O Brasil já tem o seu Estatuto da Igualdade Racial, sancionado ontem (20) pelo presidente Lula. Criticado pela oposição, contrária a sua própria existência, a nova legislação, contudo, ficou aquém das expectativas daqueles que lutam pelo fim da discriminação e veem nas ações afirmativas um meio eficaz de combatê-la.
A nova lei prevê a obrigatoriedade do ensino da história da África; reconhece a capoeira como esporte e prevê recursos para a prática; reitera prática livre de cultos religiosos de origem africana; garante linhas especiais de financiamento público para quilombolas; e prevê a criação de ouvidorias em defesa da igualdade racial. No entanto, quando passou pela Câmara dos Deputados, o projeto perdeu a previsão de cotas em universidades, na televisão e em filmes. Os senadores retiraram o incentivo fiscal para empresas que contratassem negros e a cota por partido nas eleições. Sem esses pontos, para muitos, a nova lei já nasce deixando a desejar e sem condições de promover de fato aquilo a que se destina: a igualdade racial.
O problema é que, desde 2000, quando a versão original do projeto foi apresentada pelo senador Paulo Paim (PT/RS), o estatuto vem sendo alterado para se tornar mais palatável à mentalidade racista que ainda contamina a sociedade brasileira.

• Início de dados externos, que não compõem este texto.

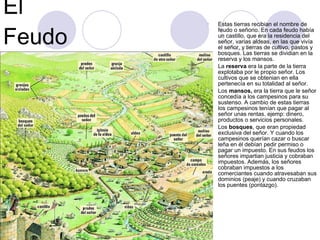 El Feudo Estas tierras recibian el nombre de feudo o señorio. En cada feudo había un castillo, que era la residencia del señor, varias aldeas, en las que vivía el señor, y tierras de cultivo, pastos y bosques. Las tierras se dividian en la reserva y los mansos. La  reserva  era la parte de la tierra explotaba por le propio señor. Los cultivos que se obtenian en ella pertenecía en su totalidad al señor. Los  mansos,  era la tierra que le señor concedía a los campesinos para su sustenso. A cambio de estas tierras los campesinos tenían que pagar al señor unas rentas. ejemp: dinero, productos o servicios personales. Los  bosques , que eran propiedad exclusiva del señor. Y cuando los campesinos querían cazar o buscar leña en él debían pedir permiso o pagar un impuesto. En sus feudos los señores impartian justicia y cobraban impuestos. Además, los señores cobraban impuestos a los comerciantes cuando atravesaban sus dominios (peaje) y cuando cruzaban los puentes (pontazgo). 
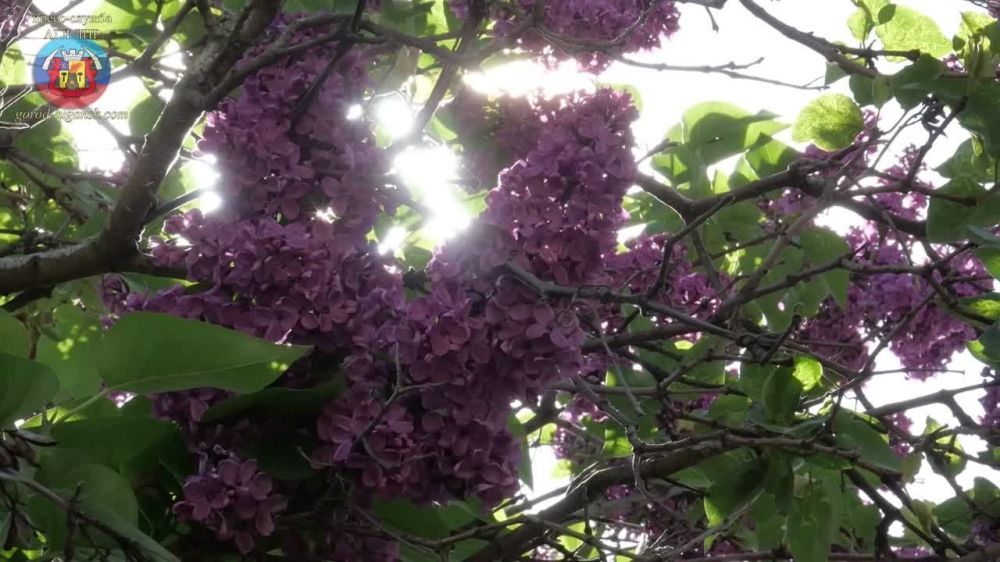 ������� ������� �������� � ��������� � ���� ������ �������� ������� ������������� ����� ����� ������������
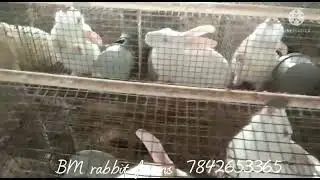 water drip system in rabbit farm || BM rabbit farms || Prakruthi Creations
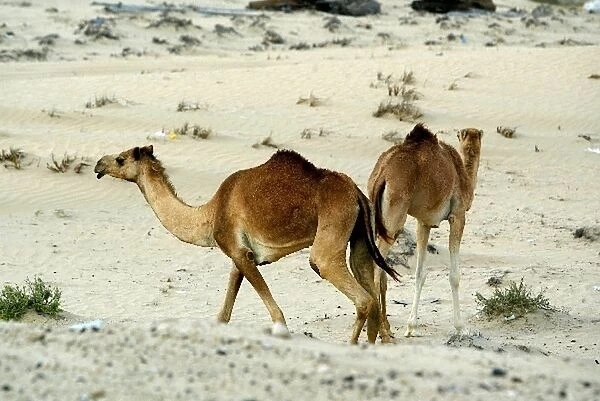 Dubai Autodrome and Business Park: Wild camels run free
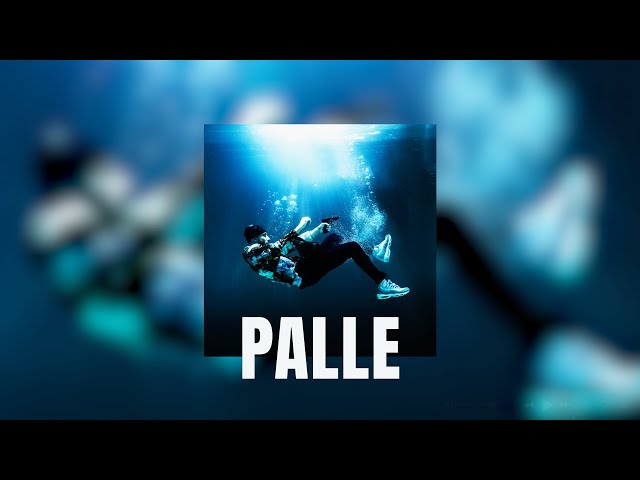 Musso - PALLE (Album Visualizer)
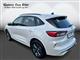 Billede af Ford Kuga 2,5 Plugin-hybrid ST-Line X CVT 225HK 5d Trinl. Gear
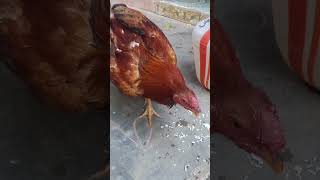 #funny_chicken #kozhi_koothugal நீ எல்லாம் வாழும்போது🐓🐓🐓 என்னால 🐓🐓வாழ முடியாதா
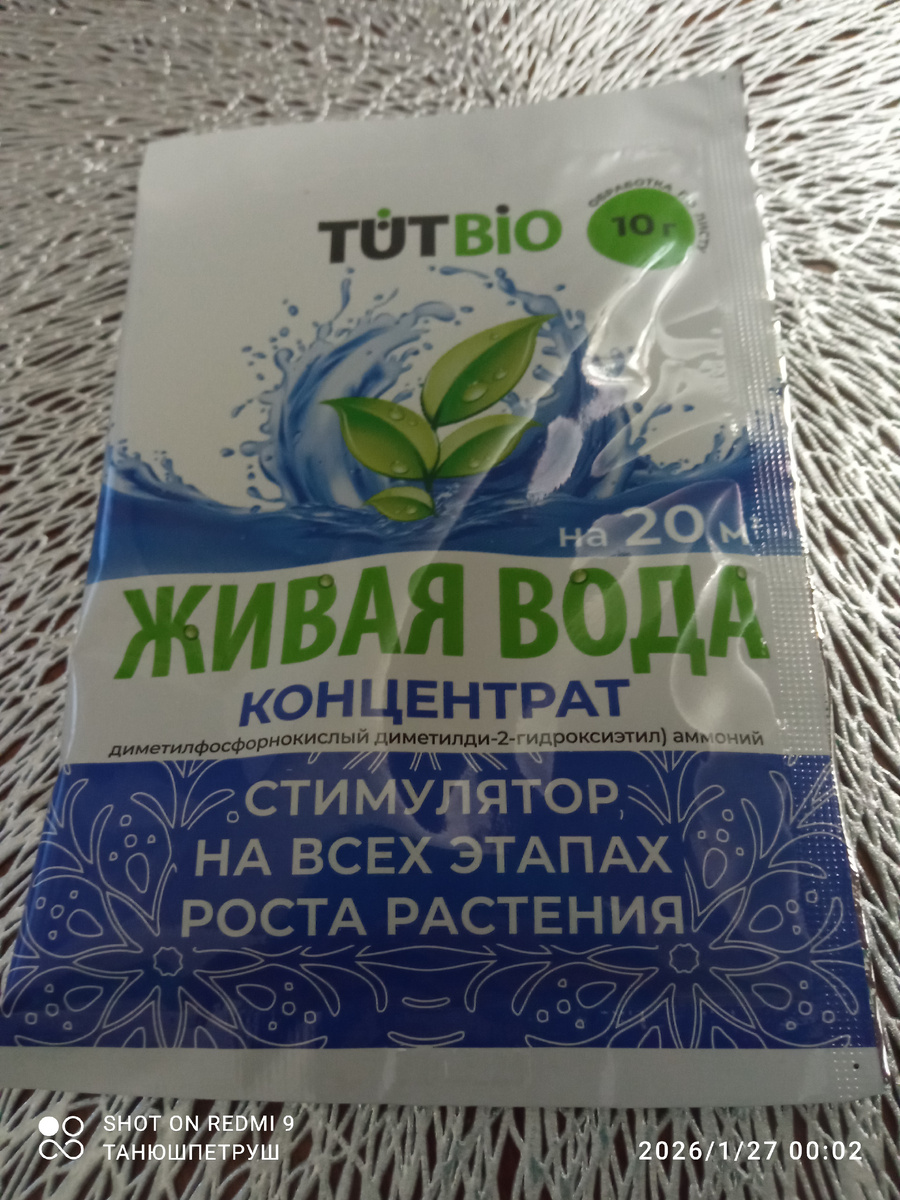 Фото автора.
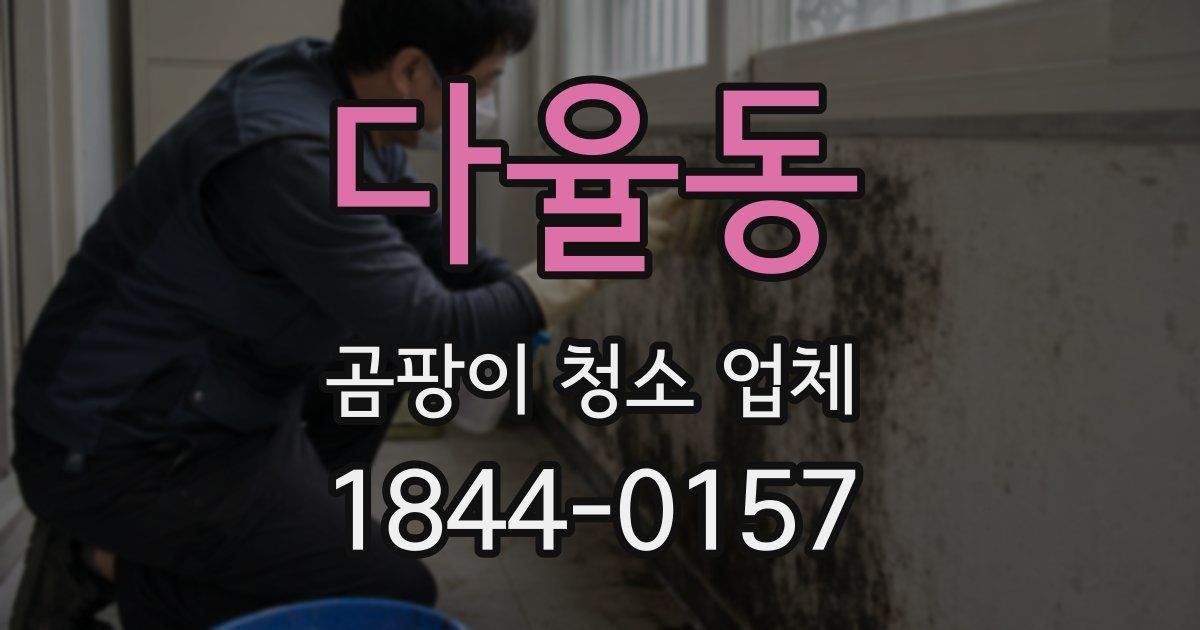 다율동 곰팡이 청소 업체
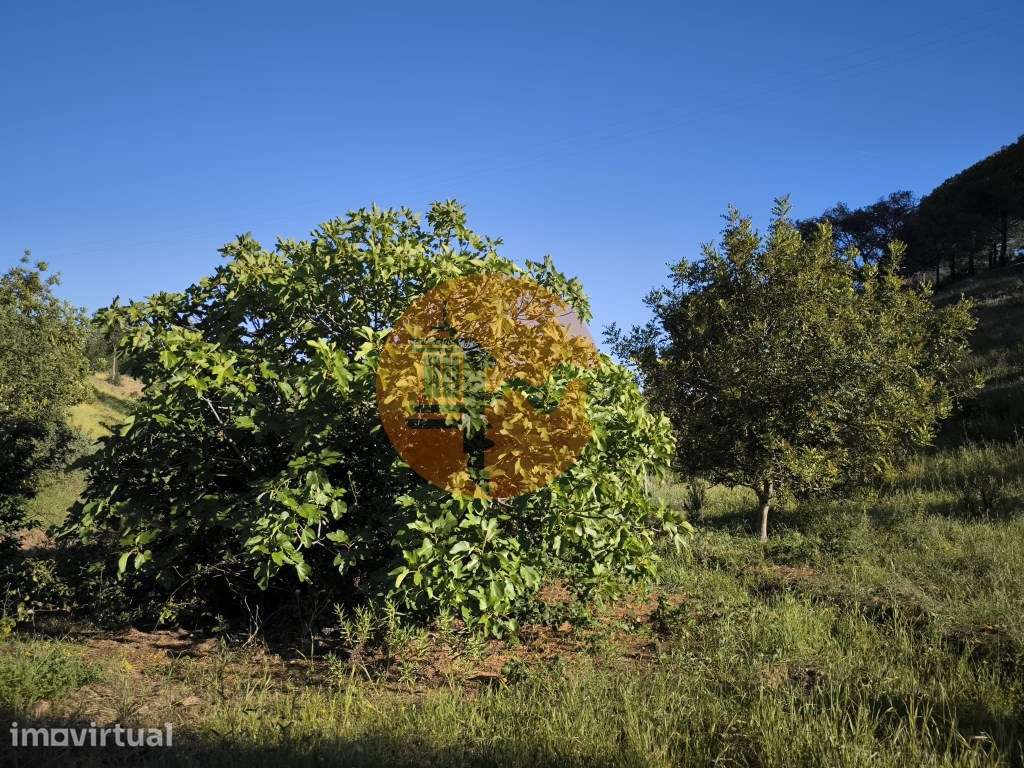 TERRENO COM 62.180 M2 - POSSIBILIDADE DE TURISMO RURAL - CONSTRUÇÃO... - Grande imagem: 3/44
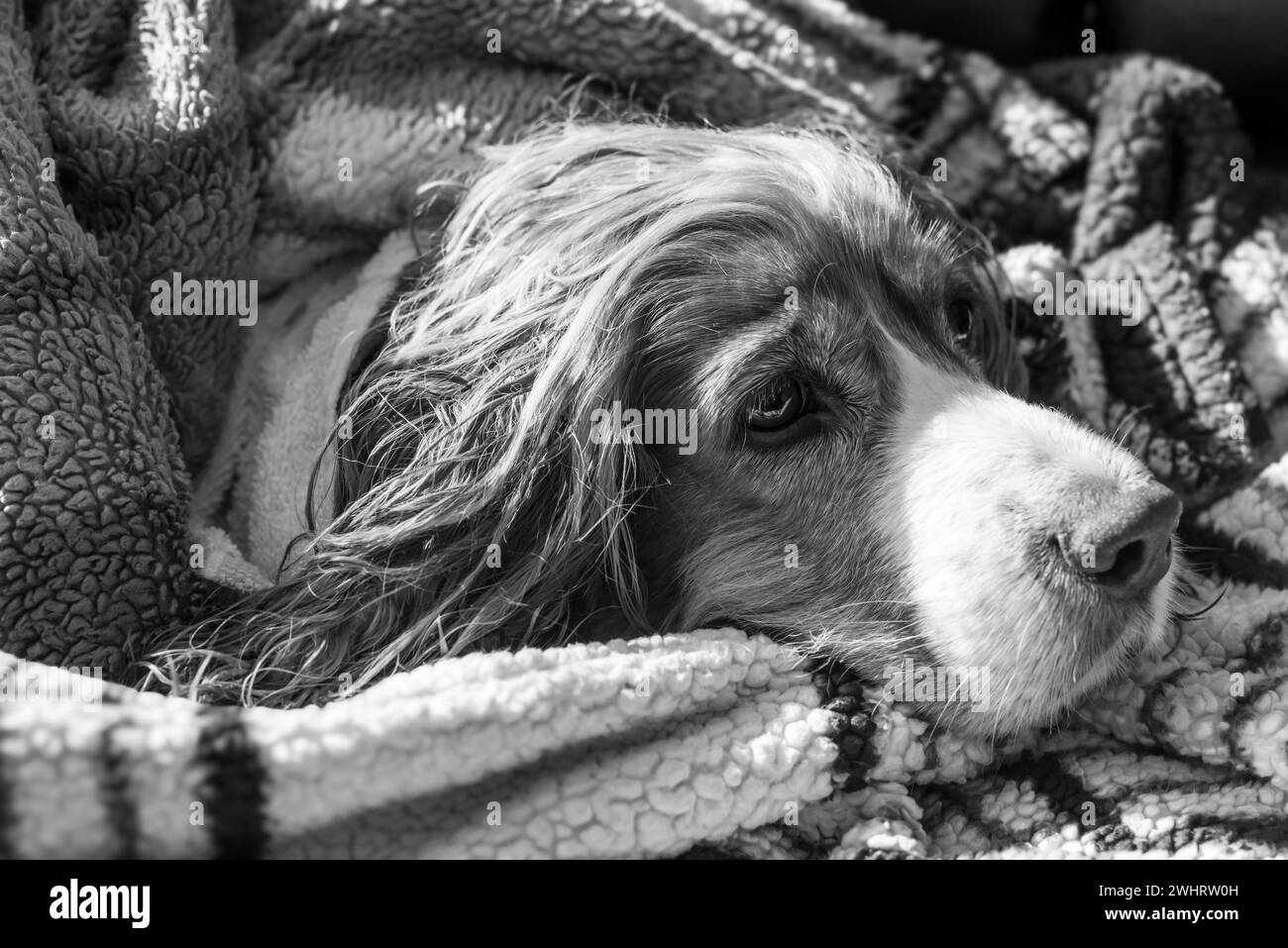 Animal de compagnie chien mignon enveloppé dans une couverture après avoir pris un bain. Banque D'Images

A opinião é da Procuradora Federal na Fundação Cultural Palmares, Dora Lucia de Lima Bertulio. “O Estatuto da Igualdade Racial foi, ao longo dos anos, sendo modificado para que fossem suavizadas as significantes indicações do comportamento racista nacional e, muito especialmente, os nefastos efeitos do racismo institucional que a sua aprovação documentaria”, afirma ela em artigo publicado ainda na fase de discussão do projeto.
Racismo cordial
Para ela, as inúmeras alterações a que o texto foi submetido retiram sua força, como por exemplo a supressão da palavra “raça”, embora o conceito já esteja consolidado no ideário científico e comum, inclusive da comunidade internacional. “É necessário trazer à memória o esforço da Organização das Nações Unidas (ONU), que reiteradamente tem editado e realizado convenções, conferências e reuniões para indicar aos países membros o fim do racismo e da discriminação racial, exigindo a implementação de políticas públicas para tal objetivo. Veja-se, por exemplo, a Convenção Internacional para a Eliminação de Todas as Formas de Discriminação Racial e a recente III Conferência Mundial para a Eliminação de todas as Formas de Racismo, Discriminação Racial, Xenofobia e formas conexas de Discriminação. Seus relatórios e declarações, todos aprovados pelo Estado brasileiro, são explícitos na utilização dos termos ‘raça’ e ‘racismo’ para designar o fenômeno social de utilização da discriminação e exclusão social com base no pertencimento racial dos indivíduos.”
De acordo com a procuradora da Fundação Palmares, é ainda grave a exclusão da referência à escravidão e da subseção “Do sistema de cotas na educação”, assim como das proposições de medidas práticas para a promoção da igualdade racial no país nos setores de saúde, mídia e demais áreas de referência de qualidade de vida. Na sua opinião, o resultado reflete “negativamente para a educação da sociedade brasileira, que deveria, sim, ser dirigida para a promoção do respeito ao papel da população negra como efetiva realizadora e contribuidora do desenvolvimento nacional, desde o período da escravidão até nossos dias”.
Por fim, conclui ela, “o que vemos no projeto modificado é mais um presentinho do racismo cordial brasileiro, que a um tempo indica um compromisso do Estado brasileiro para a promoção da igualdade, mas por outro retira significativamente a efetividade da lei na promoção e implementação de políticas públicas de real promoção da igualdade racial”.